Keras for deep learning
Comments: I did many deep learning projects using keras it is really helpful
Pros:
easy to use, large communities and support
Cons:
keras has many predefined methods and functions but it is difficult to integrate a custom class.
Keras for school project
Pros:
I did use this library couple of times during the semester to solve my deep learning course home works and project. compared to tensor flow it was easier for me to use
Cons:
It was not still easy to use and well documented with examples
Great Deeplearning framework
Comments: i use keras for image classification making use of it's pretrained architectures especially the resnet architectures.
Pros:
What i love most about keras is it's wrapper functions, i use it to perform Gridsearch using scikitlearn and this is amazing as i cannot do this on other frameworks. keras also has a good documentation page with lots of pretrained CNN architectures for image classifications solutions.
Cons:
Nothing to dislike about this framework yet.

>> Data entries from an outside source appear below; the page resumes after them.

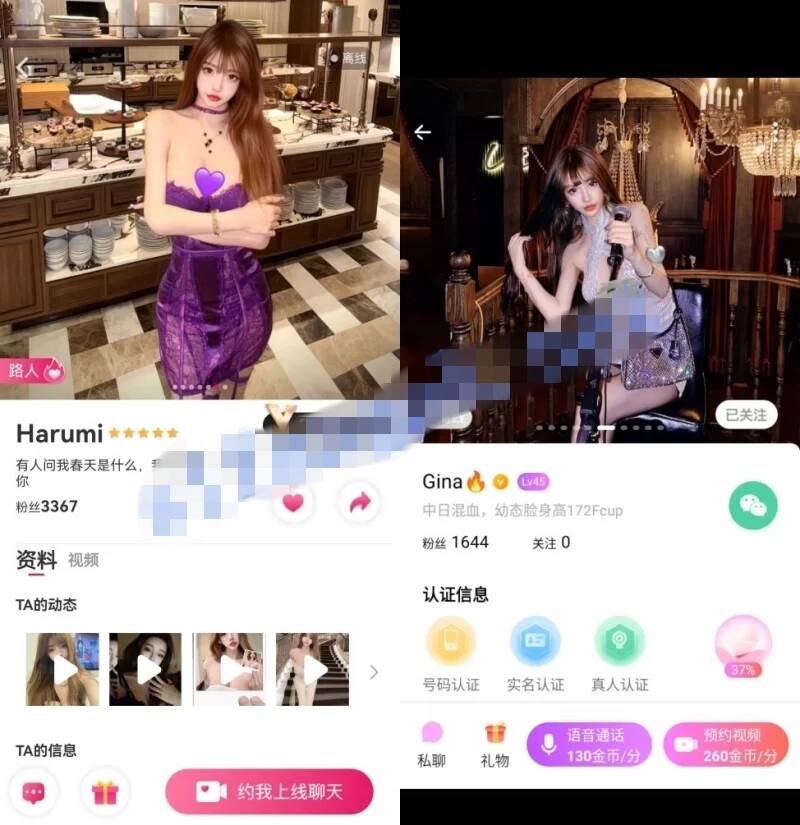 【三次元】甜心FU抖音女神级美女【Harumi】【24V 406M】
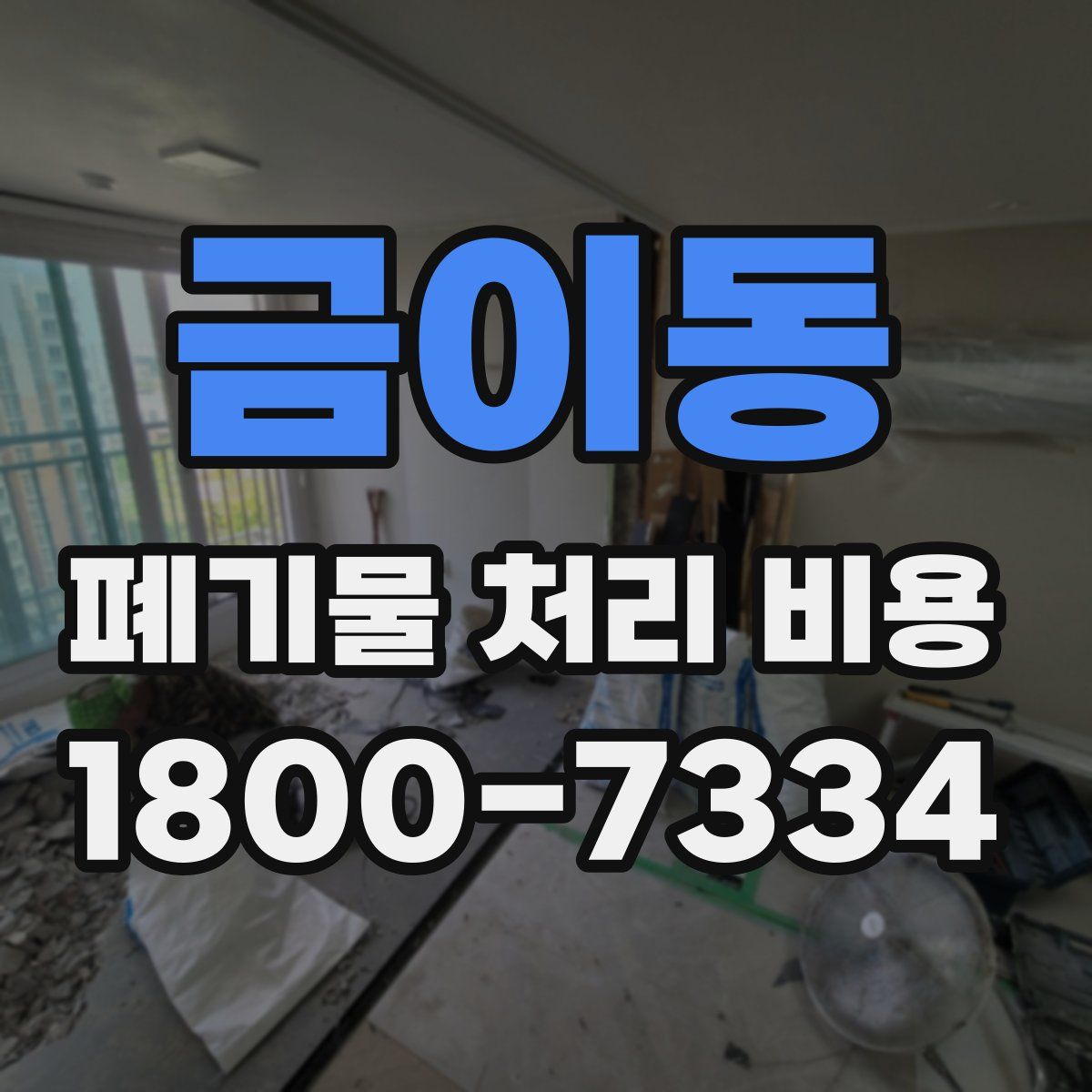 금이동 폐기물 처리 비용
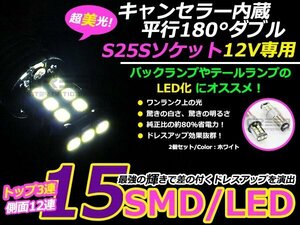 高輝度LED S25D BA15S 1156 15連 180度 180° 12V 2個セット ダブル球 白/白 ホワイト キャンセラー内蔵 輸入車対応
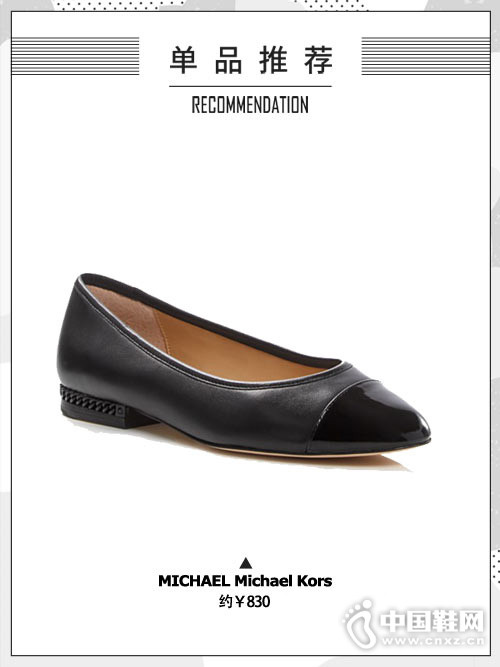 һ½һ˫ƽЬ 㶨ճ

Start Learning From Keras Framework
Comments: I recommend it for performing image classification as it provides some inbuilt fucntionality for image preprocessing. It even comes with many usefull pre-trained models like resnet.
Pros:
First thing i like about Keras is that it runs on the top of tensorflow background. Deep learning and neural network construction and visulaization is simple using Keras, also it comes with enough documentations. It provides lots of inbuilt functions for image processing which makes it lots easier for image classificaiton.
Cons:
For building more customized deep learning model, you need to use TensorFlow. Also the model inferencing time is little slow compared to model directly build in TensorFlow.